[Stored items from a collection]
_ _ _ _ _ _ _

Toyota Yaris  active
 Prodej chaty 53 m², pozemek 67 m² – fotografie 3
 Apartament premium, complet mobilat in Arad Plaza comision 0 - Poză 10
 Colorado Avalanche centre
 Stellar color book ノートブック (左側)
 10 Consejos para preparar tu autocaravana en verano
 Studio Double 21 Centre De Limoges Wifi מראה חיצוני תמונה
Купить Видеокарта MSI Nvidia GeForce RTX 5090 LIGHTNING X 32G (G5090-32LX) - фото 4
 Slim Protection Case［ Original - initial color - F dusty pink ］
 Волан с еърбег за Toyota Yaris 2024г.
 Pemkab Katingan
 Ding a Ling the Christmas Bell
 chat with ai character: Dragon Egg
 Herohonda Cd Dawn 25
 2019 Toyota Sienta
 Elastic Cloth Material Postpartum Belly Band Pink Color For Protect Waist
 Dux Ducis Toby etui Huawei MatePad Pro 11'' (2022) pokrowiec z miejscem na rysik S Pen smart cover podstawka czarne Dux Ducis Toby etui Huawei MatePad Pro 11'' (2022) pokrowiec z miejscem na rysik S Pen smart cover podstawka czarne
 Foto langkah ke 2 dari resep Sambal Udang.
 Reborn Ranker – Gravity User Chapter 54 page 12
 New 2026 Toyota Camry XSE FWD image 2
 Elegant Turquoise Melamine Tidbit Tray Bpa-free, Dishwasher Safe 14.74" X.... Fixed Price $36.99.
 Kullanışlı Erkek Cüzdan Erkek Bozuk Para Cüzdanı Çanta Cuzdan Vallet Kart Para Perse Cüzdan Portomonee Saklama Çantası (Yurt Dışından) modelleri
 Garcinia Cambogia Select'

_ _ _ _ _ _ _

A verbatim transcription is required of the lines from the one with "Elegant Turquoise Melamine" through the final line of the entries above, and of nothing else.

=== Your solution ===
 Elegant Turquoise Melamine Tidbit Tray Bpa-free, Dishwasher Safe 14.74" X.... Fixed Price $36.99.
 Kullanışlı Erkek Cüzdan Erkek Bozuk Para Cüzdanı Çanta Cuzdan Vallet Kart Para Perse Cüzdan Portomonee Saklama Çantası (Yurt Dışından) modelleri
 Garcinia Cambogia Select'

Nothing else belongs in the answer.